Conheça o exame, o aparelho, as aplicações, as contraindicações e tudo sobre sua versão turbinada, o PET-Scan

Por Goretti Tenorio Atualizado em 24 ago 2020, 19h10 - Publicado em 29 out 2018, 17h29

A tomografia computadorizada é, de maneira bem simplista, uma espécie de raio-x que enxerga em 360 graus. Por isso, o exame gera imagens em fatias, que podem ser analisadas de qualquer ângulo. De resultado rápido, está disponível na maioria dos hospitais, tanto para emergências quanto para o diagnóstico de lesões ortopédicas e na investigação de doenças, como câncer e AVC.

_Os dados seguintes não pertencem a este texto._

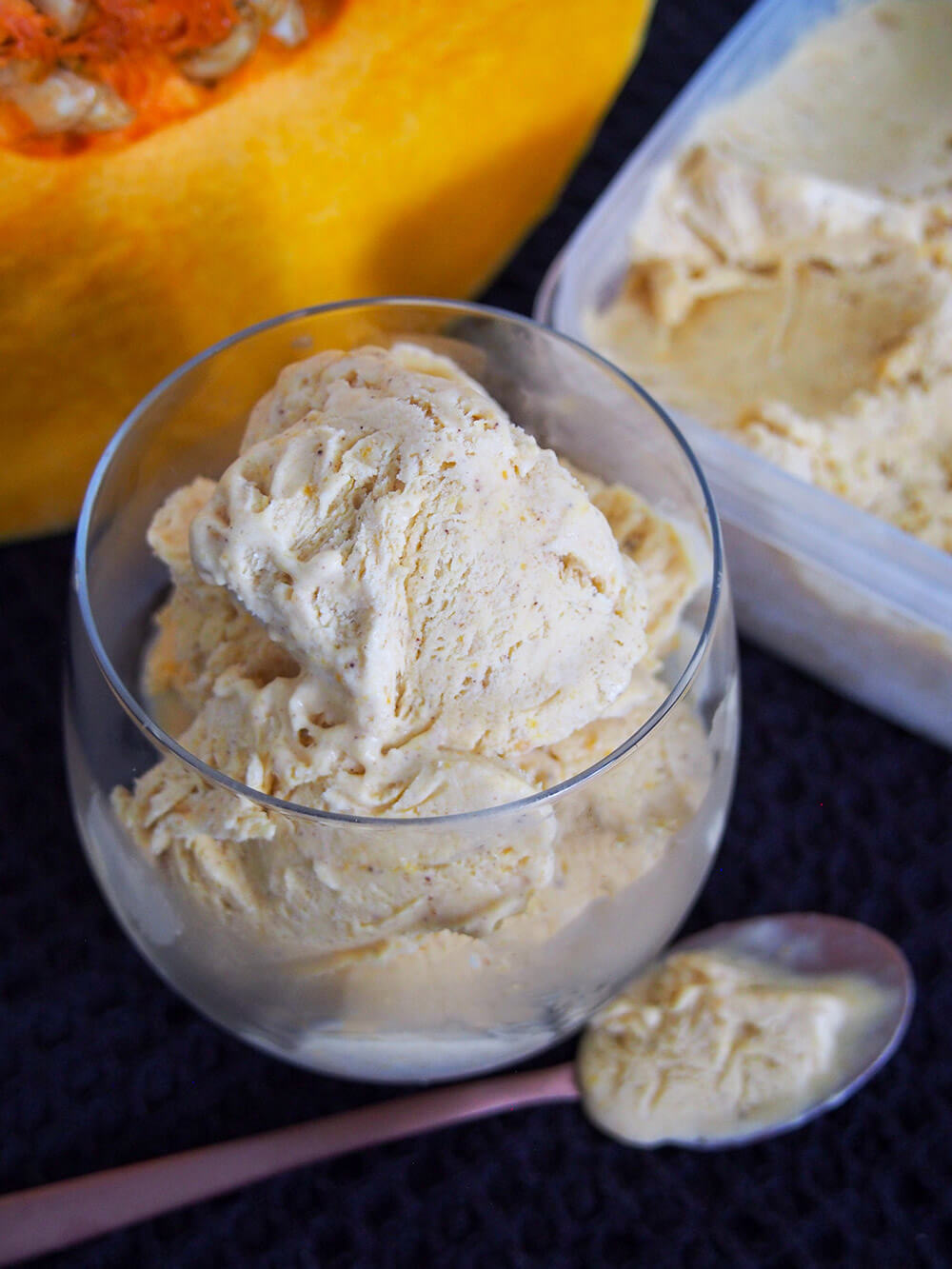 no churn pumpkin ice cream in glass with tub and piece of pumpkin behind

Os aparelhos de tomografia computadorizada mais modernos captam imagens detalhadas que reconstroem tridimensionalmente partes do corpo e dão aos médicos uma visão fiel do esqueleto, dos pulmões e das vias aéreas, além de outros órgãos internos.

Para que serve

Para diagnosticar inúmeras doenças e pequenas alterações em vários setores do organismo humano. Por exemplo: a tomografia pode avaliar traumas cranianos ou, por causa dos seus resultados rápidos, ajudar a encontrar acidentes vasculares cerebrais nos prontos-socorros.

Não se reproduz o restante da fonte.